(Caption-style text data)
_ _ _ _

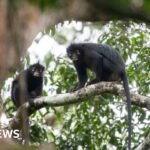 New monkey species with orange lips found ‘hiding’ in DRC forest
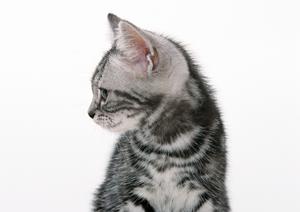 うさぎカフェに行かれる人が増えています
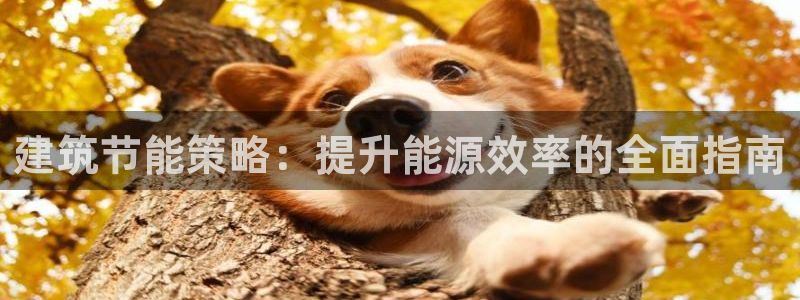 e尊国际网址：建筑节能策略：提升能源效率的全面指南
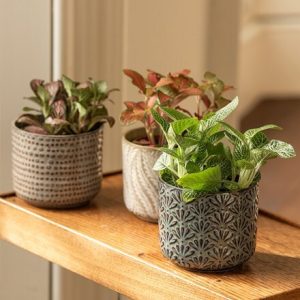 Rustic natural print plant pot set of 3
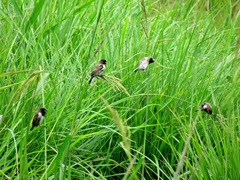 Spermestes cucullata scutata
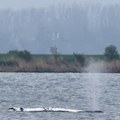 Drastičan porast problema sa kitovima zabrinuo stručnjake: Sve više životinja završava nasukano ili zapetljano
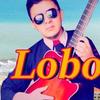 lobo_del_requinto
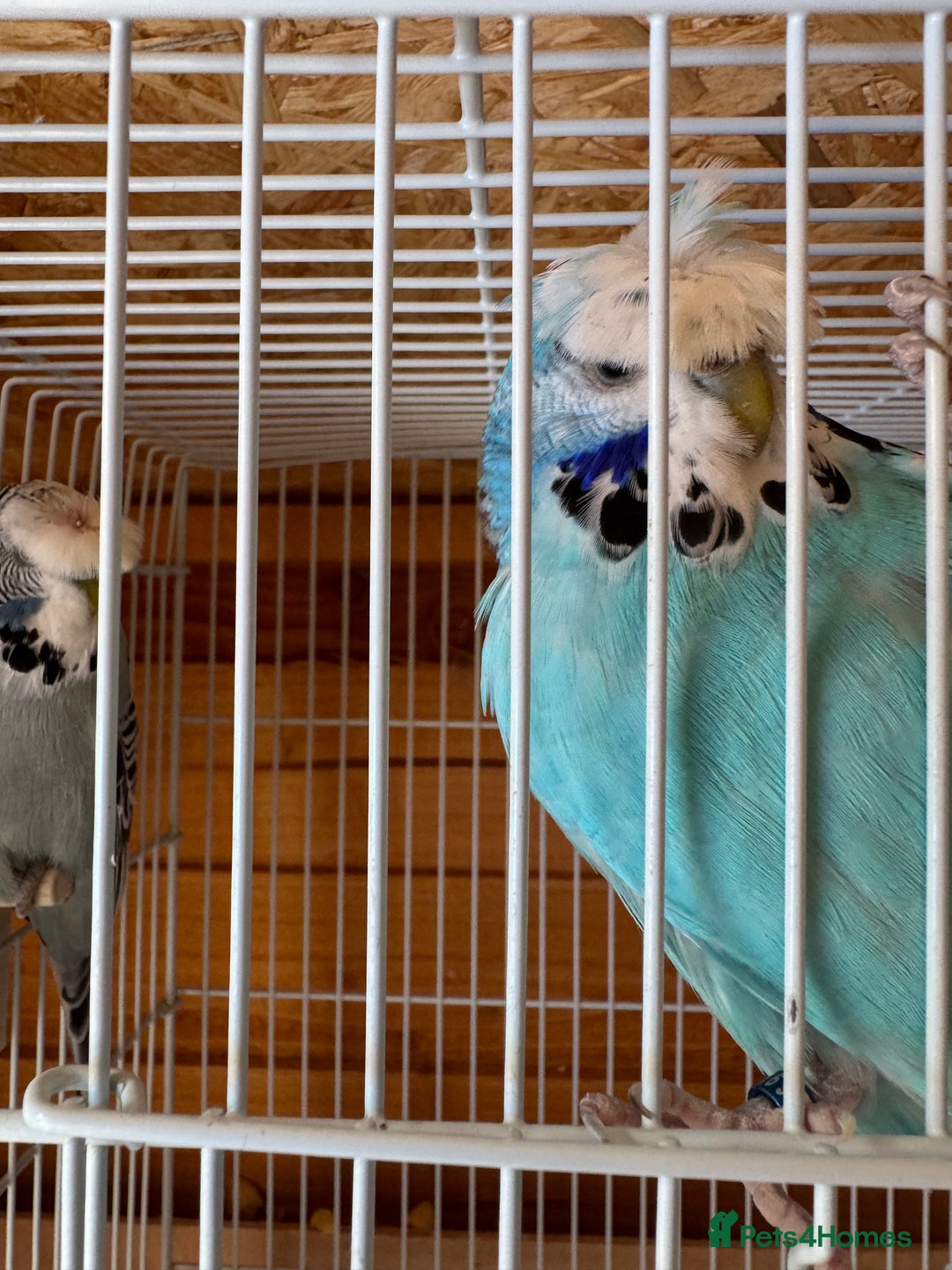 Budgerigars birds for sale: Exhibition budgie flock  - Image 15
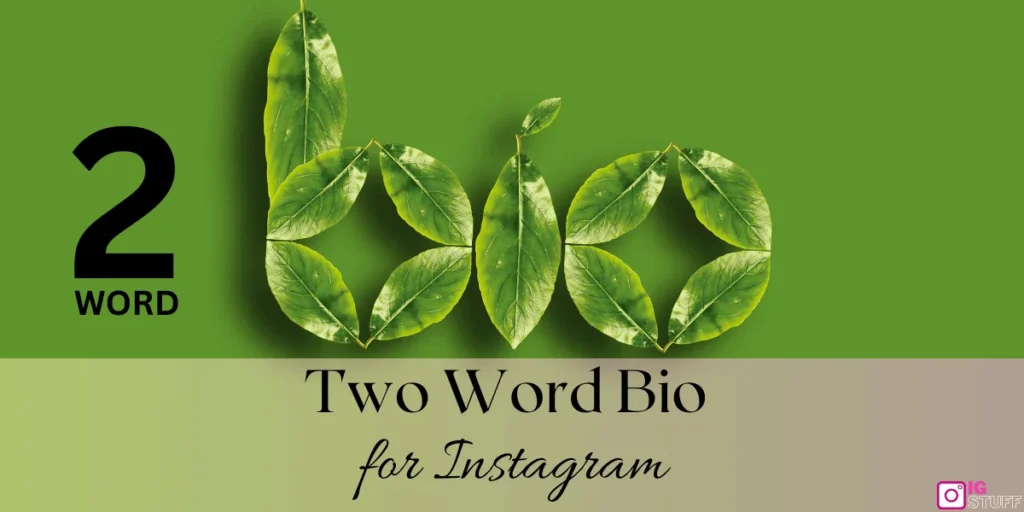 Two Word bio for Instagram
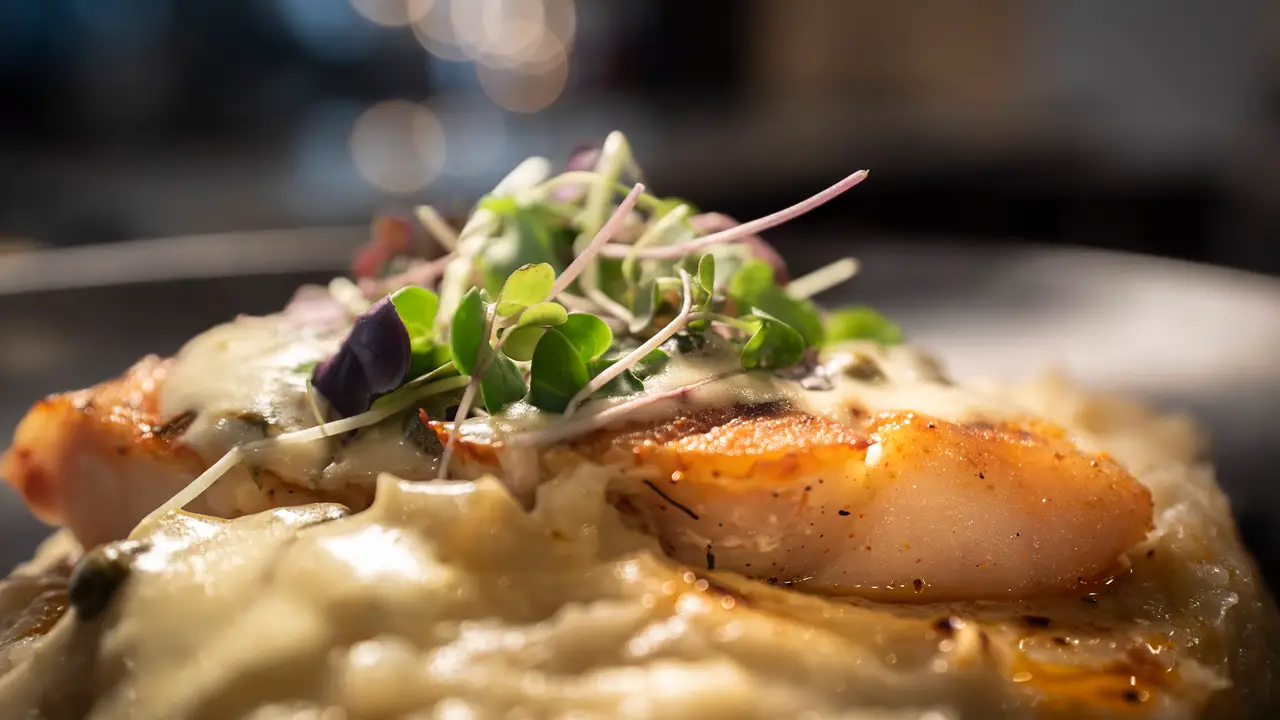 Wild caught Pan Roasted Salmon w/ mashed potatoes  - 595 Lounge & Grill, Plantation, FL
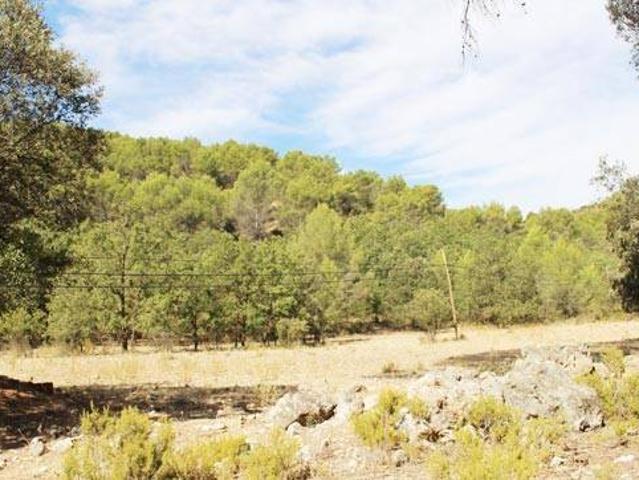 Terreno en Venta en Moratilla de los Meleros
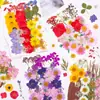 Materiales para manualidades con flores secas, especímenes de plantas de flores prensadas, marcapáginas hechos a mano para maquillaje facial, kits de materiales para pintura con flores prensadas, flores reales naturales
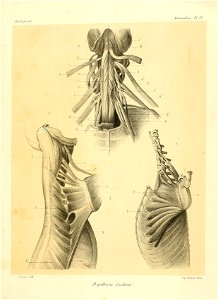 n122_w1150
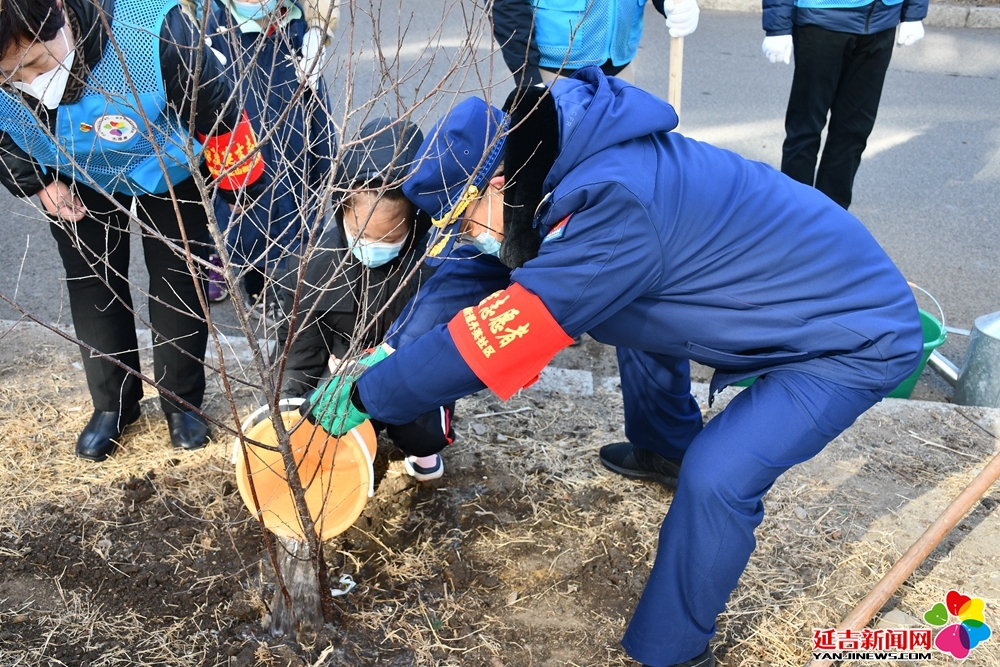 大手牵小手 共添一抹绿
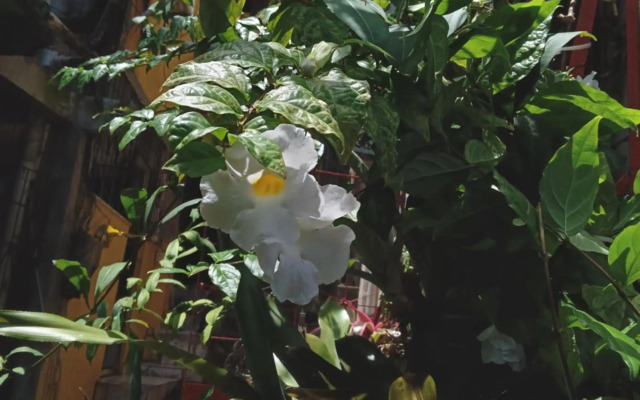 Se hospede num Cantinho Gourmet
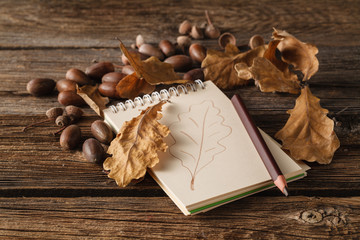 Autumn leaves on the old paper sheet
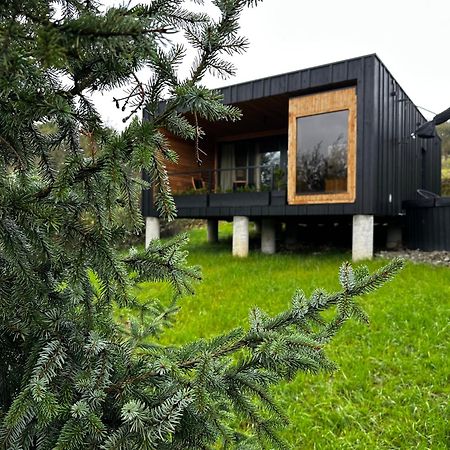 Brown Deer - Z Sauna Na Tarasie, Jacuzzi I Widokiem Na Gory - By Deer Hills Luxury Apartments Kocon Zewnętrze zdjęcie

_ _ _ _

§ EXERCISE REQUIREMENTS: Starting at the line containing "Rustic natural print plant pot set of 3" and finishing at the line containing "Budgerigars birds for", return those lines exactly as they appear above, without the pictures.

§ EXERCISE SOLUTION:
 Rustic natural print plant pot set of 3
 Spermestes cucullata scutata
 Drastičan porast problema sa kitovima zabrinuo stručnjake: Sve više životinja završava nasukano ili zapetljano
 lobo_del_requinto
 Budgerigars birds for sale: Exhibition budgie flock  - Image 15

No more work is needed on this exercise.